We bought the house last year and now that the weather is turning we’re getting j to yard projects. You can see in the middle where the wood beams are I’ve pulled up all the brick. The beams are collapsing and rotting, and the brick was very uneven. I plan to level the area and put down paver stone. I think I am going to do a circular fire pit with the brick.

What I’m looking for is:

A) for the patio area what I thought was after leavening and paver stand the put some brick down, and pour cement blocks myself with wood framing. Pull out the wood and pour some river stone or something in between. Thoughts? Pitfalls to watch for? Things to consider?

B) any thoughts for what to do with the wood beams. Remove and level out area around? Build back a retaining wall?

by BenevelotCeasar

1 Comment

  1. According-Taro4835

    That poured concrete block and river stone idea looks great on the internet but it is a total maintenance nightmare in real life. Those individual poured blocks will heave and sink unevenly because they lack a continuous compacted gravel foundation. The river stone gaps will instantly fill up with leaves from that massive tree right above it, turn into dirt, and sprout weeds. You will spend every weekend blowing it out or picking loose rocks out of your lawn mower. You need a solid continuous surface. But look at that giant tree right next to your project area. If you dig down six inches to build a proper patio base you are going to chop right through its critical structural roots. That damages the tree and the surviving roots will just heave your new concrete or pavers in a few years anyway.

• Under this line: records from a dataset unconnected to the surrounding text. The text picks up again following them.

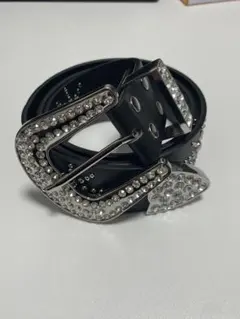 future archive ベルトMサイズ　完売品 BEAMS（ビームス）FUTURE ARCHIVE / RHINE STONE BELT（ファッション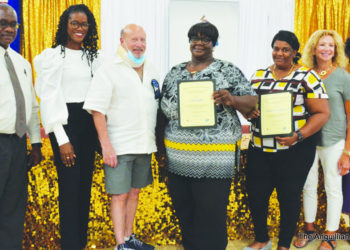 REPEAT VACATIONERS, ROBERT & JANIS STRASSER, PROVIDE PRESCHOOL TEACHERS WITH SCHOLARSHIPS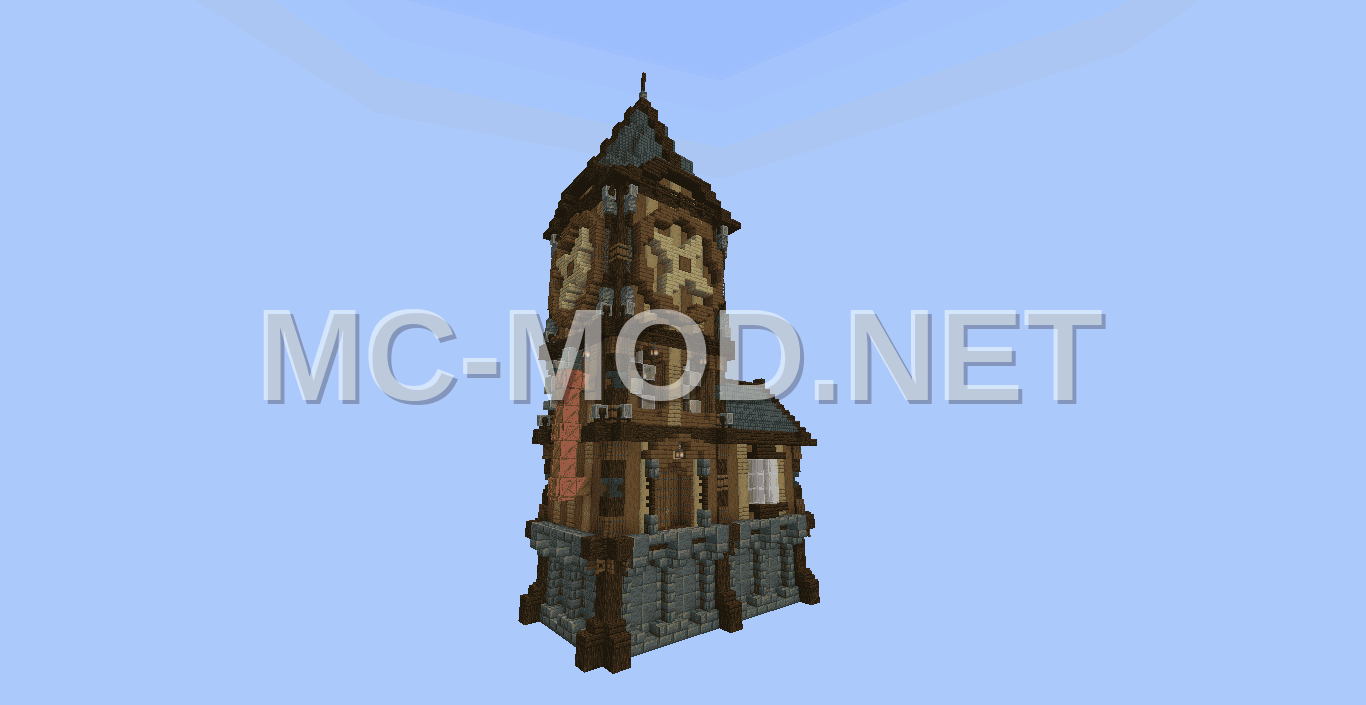 Steampunk House Design
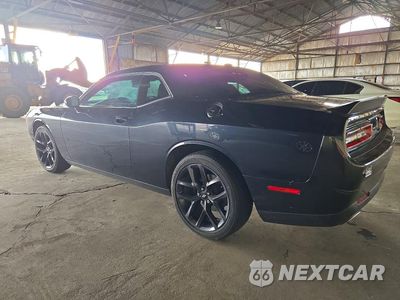Drugie zdjęcie samochodu z przodu: 2019 DODGE CHALLENGER SXT VIN:2C3CDZAG5KH565476 - miniatura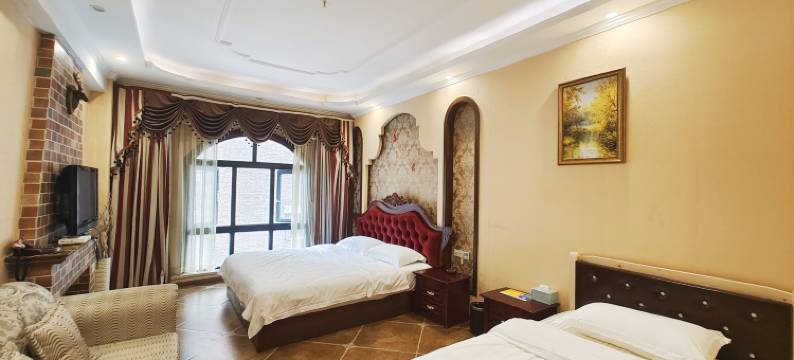 大竹四叶草主题宾馆图片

    Those rotting wood timbers were holding back the dirt so you need to respect that elevation change. Pull them out and build a proper low retaining wall using dry stacked landscape blocks. Do not just grade the area flat by dumping a foot of topsoil over the tree roots or digging deep into the slope. Burying root systems or slicing them up is a guaranteed way to slowly kill mature shade trees. Keep your heavy hardscape footprint as far from that trunk as possible. If you want a fire pit, push it way out into the open yard so you do not roast the overhead branches or fight the massive root system underneath.